In the above, there's also a bit of user interaction coming in, but that's not the point. The point is, all this is the same for each of my functions. So, lets generate a function that returns this logic, but takes the 'translate_com' function as an argument and calls it whenever *a* function is called:

def closure(state):
    """
        'state': '-ini', '-fin', '-reo'
    """
    def check_availability_and_apply(target, uploaded, overwrite, func):
        # Use upload.
        if uploaded:
            print "Uploaded"
            # Force overwrite.
            if overwrite:
                print "Overwriting"
                func(target)
            # Does not exist.
            if not os.path.exists(pdb_base_path + target + state):
                print "Not found, fixing."
                func(target)
            # Use existing.
        # Download.
        else:
            # Use existing.
            if os.path.exists(pdb_base_path + target + state):
                print "Structure available."
            # Structure not available.
            else:
                func(target)
    return check_availability_and_apply

The fun is in the last line. As one can see, a function is returned which was built within the closure. So how can I now call (or maybe better "apply") the 'translate_com' function?

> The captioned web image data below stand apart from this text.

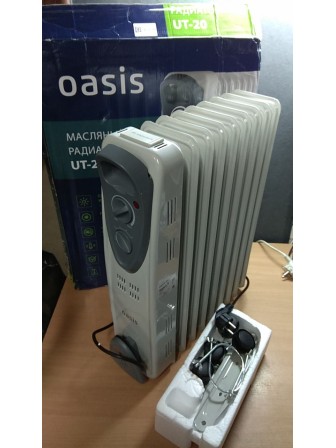Уценка 23-3159 Масляный радиатор Oasis UT-20, 2000 Вт, 9 секций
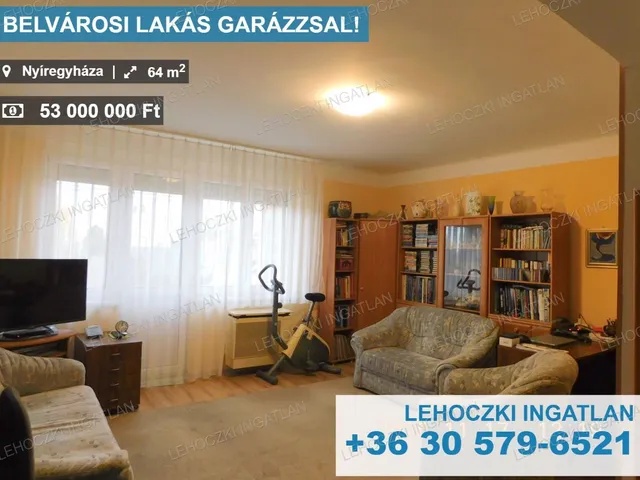 Eladó lakás Nyíregyháza, Belváros 64 nm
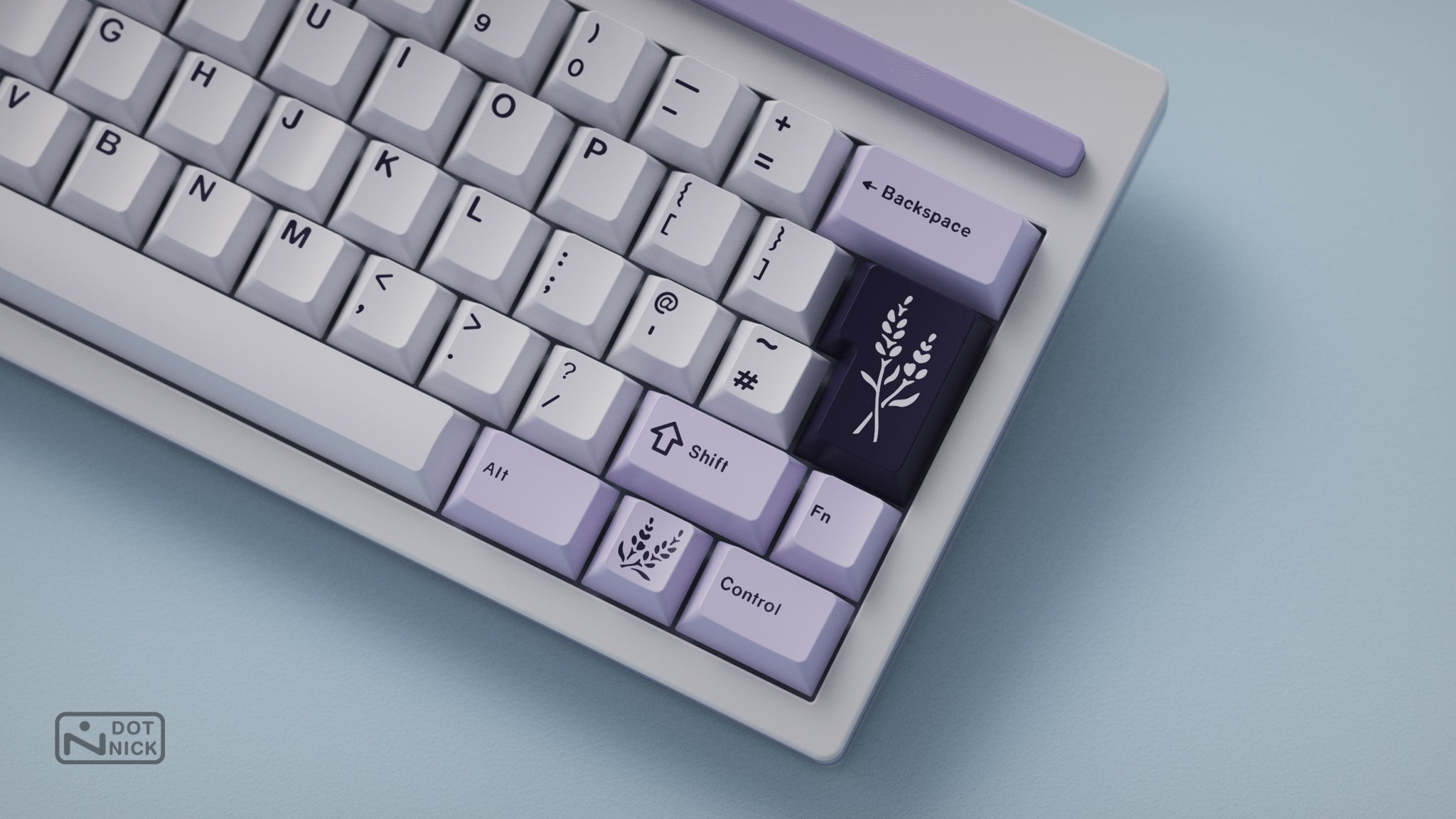 [In Stock] GMK Lavender Keycap Set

closure('-ini.pdb')(target, uploaded, overwrite, translate_com)


And how about another function?

closure('-fix.pdb')(target, uploaded, overwrite, fix_pdb)


This is really cool, because now file checks are in one place and application is in a separate place. So only one place to edit.
I would really like to hear my boss asking me now: "So how many lines of code did you write yesterday?" Then I could answer: "Well, actually like -200."